Pelosi Praises Dick Cheney as Democrats Celebrate a Former Foe Turned Ally

[Photo Credit: by Gage Skidmore]

Former Vice President Dick Cheney, one of the most polarizing and hated figures of the George W. Bush administration, received an unexpected tribute this week from one of his longtime political adversaries: Rep. Nancy Pelosi of California.

Following Cheney’s death, Pelosi offered glowing praise for the man once derided by Democrats as the chief architect of the Iraq War, calling attention to his “patriotism” and his family’s service in public life.

In a social media post, Pelosi acknowledged the deep policy divisions that once defined her relationship with Cheney but claimed they were bridged by what she saw as a shared devotion to country. “We strongly disagreed on most policy issues,” she wrote, “but his patriotism was clear when he returned to the House Floor to commemorate the first anniversary of January 6th.”

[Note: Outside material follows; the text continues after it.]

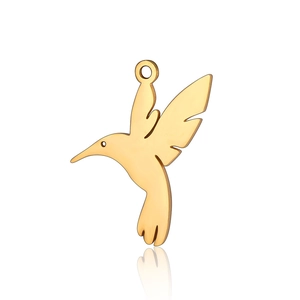 Detailed view of polished golden hummingbird charm made of durable stainless steel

The remark referenced Cheney’s appearance in Congress in January 2022, when he joined Democrats to mark the first anniversary of the Capitol riot—an event that many conservatives viewed as an overtly political commemoration meant to damage President Donald J. Trump and his supporters.

Cheney’s decision to stand alongside Pelosi and other Democrats that day cemented his break from the Republican Party’s populist wing and aligned him publicly with those who have sought to marginalize Trump’s influence within the GOP.

Pelosi went on to praise Cheney’s daughter, former Rep. Liz Cheney of Wyoming, who became one of the most prominent Republican critics of President Trump during her time in office. “We all saw then how proud Vice President Cheney was to see his daughter, Liz, follow in her father’s footsteps to serve in the House with courage and integrity,” Pelosi wrote.

Liz Cheney, who played a leading role on the January 6th Committee—widely denounced by conservatives as a partisan effort to criminalize political opposition—has since left office but continues to attack Trump and his allies.

Both she and her father endorsed Democratic presidential candidate Kamala Harris ahead of the 2024 election, a move that further distanced them from the party they once helped define.

Pelosi’s tribute, while couched in the language of civility and bipartisanship, reflects a broader political realignment in Washington, where establishment figures from both parties increasingly find common cause in opposition to the populist right.

For many conservatives, Cheney’s late-life embrace of the Democratic establishment confirmed what years of foreign wars and bureaucratic entrenchment had already suggested: that his vision of American leadership was rooted less in representing voters’ interests than in maintaining elite consensus.

Still, Pelosi’s comments were gracious in tone. She extended condolences to Cheney’s family, mentioning his wife, Lynne, and their daughters, Liz and Mary. “May his family find comfort,” she wrote, in what amounted to one of the more conciliatory gestures between two figures who once stood at opposite poles of American politics.

For many Americans, Pelosi’s statement marked a final, symbolic reconciliation between two faces of the old Washington order—one Republican, one Democrat—bound less by ideology than by a shared nostalgia for a political establishment now being reshaped by forces neither could fully control.